As producers, Ridley Scott and Walter Hill anchor the film in the spirit of the Alien saga, while Alvarez propels it forward with a fresh artistic voice. The director embraces a vintage aesthetic—old-school computer interfaces, flickering screens, and tangible set pieces—that nods to Scott’s groundbreaking 1979 cinema while foregrounding a modern pacing and sensorial intensity. Alvarez has a track record of reinvigorating classic horror properties, and Romulus reflects that skill: it revisits iconic visual moments from the franchise while orchestrating new situations that feel both familiar and startlingly original. A notable addition is the way acid fluid behaves in an anti-gravity setting, offering fresh scientific and visual tension that broadens the franchise’s practical imagination.

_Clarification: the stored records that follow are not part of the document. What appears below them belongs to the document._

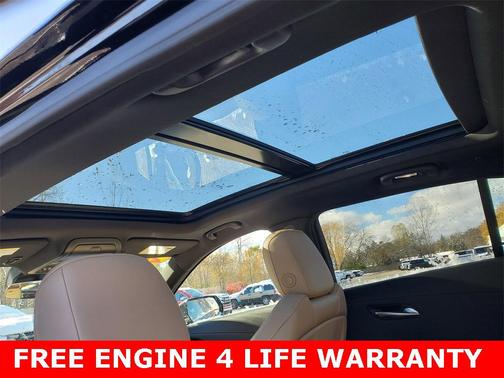 2024 Cadillac XT4 Luxury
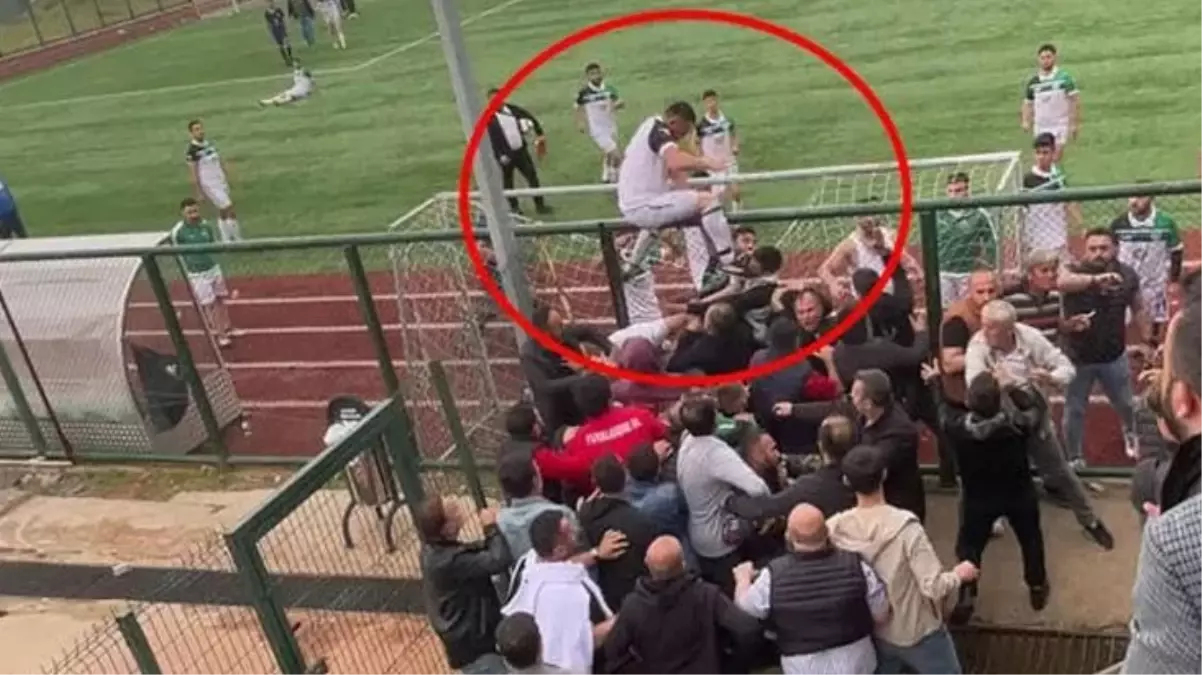 Türkiye'de yaşandı! Futbolcu, çivili kramponuyla taraftarın kafasına tekme attı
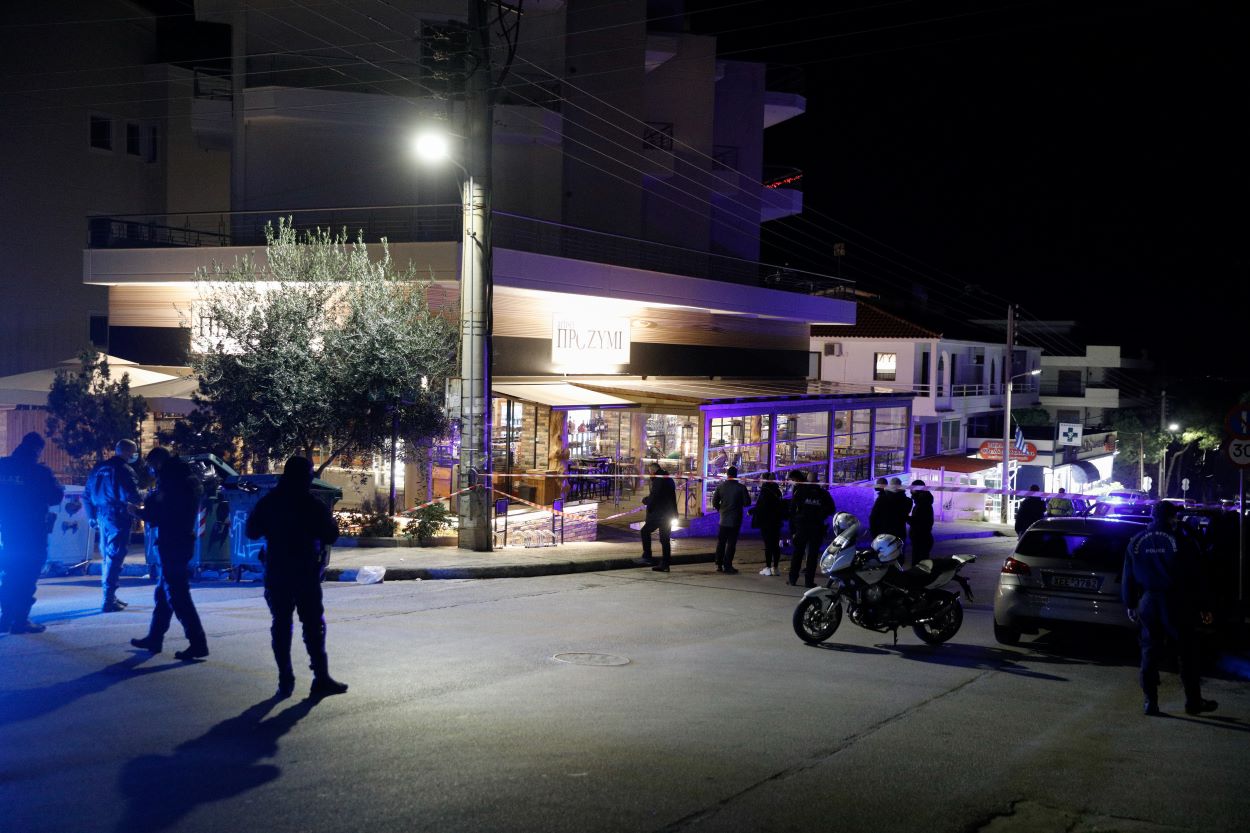 Βούλα: Πώς έγινε η απόπειρα “μαζικής” δολοφονίας σε φούρνο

The film’s tonal balance lands in a space where suspense, dread, and visceral action coexist. The reprises of signature shots are done with a knowing wink, yet the narrative pushes beyond simple homage by threading character arcs through an evolving colony crisis. The result is a story that respects its roots but invites viewers to witness the fear from a slightly different vantage point—one that foregrounds youthful resolve and moral ambiguity in the face of a relentless predator. The atmosphere remains unyielding, with Alvarez crafting scenes that linger in the memory long after the screen goes dark.
Critically, the film earns its place by tethering its admiration for the original to a thoughtful recontextualization. It challenges the audience to consider how the same survival instincts survive through new hands and new technologies, even as old questions—what is sentient, who is expendable, and how far will a crew go to preserve life—persist with sharpened urgency. In this way, Romulus becomes more than a mere nod to canonical moments; it stands as a contemporary inquiry into fear, agency, and the ethics of creation within a tightly wound space habitat.